Show each line of the records below where the word "Vehicle" occurs.

====== Source records

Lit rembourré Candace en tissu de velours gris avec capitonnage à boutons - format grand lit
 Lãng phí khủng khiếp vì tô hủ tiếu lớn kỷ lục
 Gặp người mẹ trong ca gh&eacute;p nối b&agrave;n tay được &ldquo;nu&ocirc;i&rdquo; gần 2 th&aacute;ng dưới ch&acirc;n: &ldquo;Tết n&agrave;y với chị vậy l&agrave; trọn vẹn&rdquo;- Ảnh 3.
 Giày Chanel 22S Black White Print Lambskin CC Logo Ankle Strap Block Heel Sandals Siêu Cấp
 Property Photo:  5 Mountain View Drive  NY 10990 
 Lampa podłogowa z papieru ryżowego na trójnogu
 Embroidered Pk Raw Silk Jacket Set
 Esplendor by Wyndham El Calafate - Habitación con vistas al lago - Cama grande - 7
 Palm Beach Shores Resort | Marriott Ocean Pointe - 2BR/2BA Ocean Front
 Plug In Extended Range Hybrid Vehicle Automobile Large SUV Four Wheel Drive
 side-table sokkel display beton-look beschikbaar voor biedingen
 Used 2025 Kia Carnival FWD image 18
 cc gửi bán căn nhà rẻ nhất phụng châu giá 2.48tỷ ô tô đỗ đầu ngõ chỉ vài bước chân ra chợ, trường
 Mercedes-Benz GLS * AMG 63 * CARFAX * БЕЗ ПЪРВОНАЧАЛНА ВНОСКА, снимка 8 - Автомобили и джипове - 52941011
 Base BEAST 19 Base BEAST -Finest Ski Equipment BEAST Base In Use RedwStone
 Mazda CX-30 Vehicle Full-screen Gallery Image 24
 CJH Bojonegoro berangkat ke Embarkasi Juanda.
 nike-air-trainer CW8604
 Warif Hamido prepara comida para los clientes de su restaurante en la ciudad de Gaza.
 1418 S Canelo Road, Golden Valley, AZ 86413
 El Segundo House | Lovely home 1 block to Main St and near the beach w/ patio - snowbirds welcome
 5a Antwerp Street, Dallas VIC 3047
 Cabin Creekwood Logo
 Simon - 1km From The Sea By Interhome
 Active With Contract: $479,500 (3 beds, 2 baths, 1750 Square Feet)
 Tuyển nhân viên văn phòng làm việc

============

Result for this task:
 Plug In Extended Range Hybrid Vehicle Automobile Large SUV Four Wheel Drive
 Mazda CX-30 Vehicle Full-screen Gallery Image 24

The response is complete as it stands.